This section trains the model.  

* <font color='brown'>(**#**)</font> The training loop must be adapted to the new loss function.

### Image Localization Loss

The loss is a composite of 2 loss functions:

$$\ell\left(\hat{\boldsymbol{y}},\boldsymbol{y}\right)=\lambda_{\text{MSE}}\cdot\ell_{\text{MSE}}\left(\hat{\boldsymbol{y}}_{\text{bbox}},\boldsymbol{y}_{\text{bbox}}\right)+\lambda_{\text{CE}}\cdot\ell_{\text{CE}}\left(\hat{\boldsymbol{y}}_{\text{label}},\boldsymbol{y}_{\text{label}}\right)$$

Where $\lambda_{\text{MSE}}$ and $\lambda_{\text{CE}}$ are the weights of each loss.

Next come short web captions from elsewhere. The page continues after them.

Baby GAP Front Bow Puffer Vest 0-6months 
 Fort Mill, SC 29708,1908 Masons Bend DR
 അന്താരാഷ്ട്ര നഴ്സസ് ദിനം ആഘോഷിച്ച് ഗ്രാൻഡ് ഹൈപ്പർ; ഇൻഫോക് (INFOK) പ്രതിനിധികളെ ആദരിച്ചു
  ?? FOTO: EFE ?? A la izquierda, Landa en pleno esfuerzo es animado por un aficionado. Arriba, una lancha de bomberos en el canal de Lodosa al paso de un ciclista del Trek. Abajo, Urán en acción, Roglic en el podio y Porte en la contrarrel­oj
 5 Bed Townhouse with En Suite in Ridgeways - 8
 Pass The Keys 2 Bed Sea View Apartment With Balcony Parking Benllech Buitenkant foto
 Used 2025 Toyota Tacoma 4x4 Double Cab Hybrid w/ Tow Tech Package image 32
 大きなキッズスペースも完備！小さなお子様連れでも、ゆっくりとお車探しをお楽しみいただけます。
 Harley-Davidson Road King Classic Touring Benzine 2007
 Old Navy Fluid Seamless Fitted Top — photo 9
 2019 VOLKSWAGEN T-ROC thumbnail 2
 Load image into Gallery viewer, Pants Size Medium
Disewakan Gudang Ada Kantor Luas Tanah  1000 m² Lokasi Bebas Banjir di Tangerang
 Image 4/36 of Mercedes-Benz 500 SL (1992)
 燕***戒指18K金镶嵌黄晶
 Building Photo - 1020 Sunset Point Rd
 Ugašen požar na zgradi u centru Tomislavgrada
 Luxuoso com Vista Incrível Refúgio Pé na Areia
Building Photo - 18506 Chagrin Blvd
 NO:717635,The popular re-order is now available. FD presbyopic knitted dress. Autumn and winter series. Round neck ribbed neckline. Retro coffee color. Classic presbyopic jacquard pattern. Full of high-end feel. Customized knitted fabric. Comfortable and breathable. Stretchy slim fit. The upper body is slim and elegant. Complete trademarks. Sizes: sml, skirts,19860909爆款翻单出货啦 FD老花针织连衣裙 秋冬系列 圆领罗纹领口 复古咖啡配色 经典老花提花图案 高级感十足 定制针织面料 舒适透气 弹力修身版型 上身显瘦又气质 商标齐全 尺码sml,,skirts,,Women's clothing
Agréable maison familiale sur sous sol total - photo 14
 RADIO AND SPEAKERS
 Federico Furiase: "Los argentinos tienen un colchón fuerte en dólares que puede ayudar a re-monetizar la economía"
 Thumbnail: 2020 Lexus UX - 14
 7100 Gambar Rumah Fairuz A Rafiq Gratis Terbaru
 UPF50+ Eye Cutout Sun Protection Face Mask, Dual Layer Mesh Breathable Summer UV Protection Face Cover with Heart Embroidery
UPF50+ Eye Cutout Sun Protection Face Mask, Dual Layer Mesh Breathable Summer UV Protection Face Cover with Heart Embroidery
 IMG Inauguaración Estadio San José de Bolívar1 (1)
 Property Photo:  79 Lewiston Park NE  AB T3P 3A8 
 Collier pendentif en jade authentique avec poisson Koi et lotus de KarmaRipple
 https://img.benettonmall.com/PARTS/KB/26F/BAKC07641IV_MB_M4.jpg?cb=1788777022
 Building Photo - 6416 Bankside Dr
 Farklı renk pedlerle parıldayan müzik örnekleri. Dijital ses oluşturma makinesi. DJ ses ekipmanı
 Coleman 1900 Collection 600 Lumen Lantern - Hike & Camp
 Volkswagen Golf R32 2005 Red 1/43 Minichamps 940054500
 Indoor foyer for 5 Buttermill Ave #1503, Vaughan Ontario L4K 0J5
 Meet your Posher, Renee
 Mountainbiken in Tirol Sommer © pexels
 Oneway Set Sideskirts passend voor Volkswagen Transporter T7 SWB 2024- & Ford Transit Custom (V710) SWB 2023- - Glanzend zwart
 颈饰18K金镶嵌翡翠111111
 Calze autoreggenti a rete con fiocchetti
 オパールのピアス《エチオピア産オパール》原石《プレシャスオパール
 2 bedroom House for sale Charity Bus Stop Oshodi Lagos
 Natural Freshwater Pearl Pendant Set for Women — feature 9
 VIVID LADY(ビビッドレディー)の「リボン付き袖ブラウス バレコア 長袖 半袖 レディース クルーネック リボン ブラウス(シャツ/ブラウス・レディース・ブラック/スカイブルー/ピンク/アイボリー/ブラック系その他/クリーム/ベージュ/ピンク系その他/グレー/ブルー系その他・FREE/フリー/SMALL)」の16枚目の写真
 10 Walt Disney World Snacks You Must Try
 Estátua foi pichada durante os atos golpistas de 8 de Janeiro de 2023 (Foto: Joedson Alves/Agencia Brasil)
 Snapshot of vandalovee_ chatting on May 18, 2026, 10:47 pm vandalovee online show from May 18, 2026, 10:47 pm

* <font color='brown'>(**#**)</font> In practice a single $\lambda$ is required.
* <font color='brown'>(**#**)</font> The MSE is not optimal loss function. It will be replaced by the _Log Euclidean_ loss.

In [None]:
# Object Localization Loss
class ObjLocLoss( nn.Module ):
    def __init__( self, numCls: int, λ: float, ϵ: float = 0.0 ) -> None:
        super(ObjLocLoss, self).__init__()

        self.numCls   = numCls
        self.λ        = λ
        self.ϵ        = ϵ
        self.oRegLoss = nn.MSELoss()
        self.oClsLoss = nn.CrossEntropyLoss(label_smoothing = ϵ)
    
    def forward( self: Self, mYHat: Tensor, tuY: Tuple[Tensor, Tensor] ) -> Tensor:

        regLoss = self.oRegLoss(mYHat[:, self.numCls:], tuY[1])
        clsLoss = self.oClsLoss(mYHat[:, :self.numCls], tuY[0])

        lossVal = (self.λ * regLoss) + clsLoss
		
        return lossVal

### Image Localization Score

The score is defined by the _IoU_ of a valid classification:

$$\text{Score}=\frac{1}{N}\sum_{i=1}^{N}\mathbb{I}\left\{ \hat{y}_{i}=y_{i}\right\} \cdot\text{IoU}\left(\hat{B}_{i},B_{i}\right)$$

Where:
- $\hat{y}_{i}$ is the predicted label
- $y_{i}$ is the correct label
- $\hat{B}_{i}$ is the predicted bounding box
- $B_{i}$ is the correct bounding box
In other words, the average IoU, considering only correct (label) prediction.

* <font color='red'>(**?**)</font> What are the bounds of the values of the score function?
* <font color='red'>(**?**)</font> Is higher or lower value bette for the score?

In [None]:
# Object Localization Score
class ObjLocScore( nn.Module ):
    def __init__( self, numCls: int ) -> None:
        super(ObjLocScore, self).__init__()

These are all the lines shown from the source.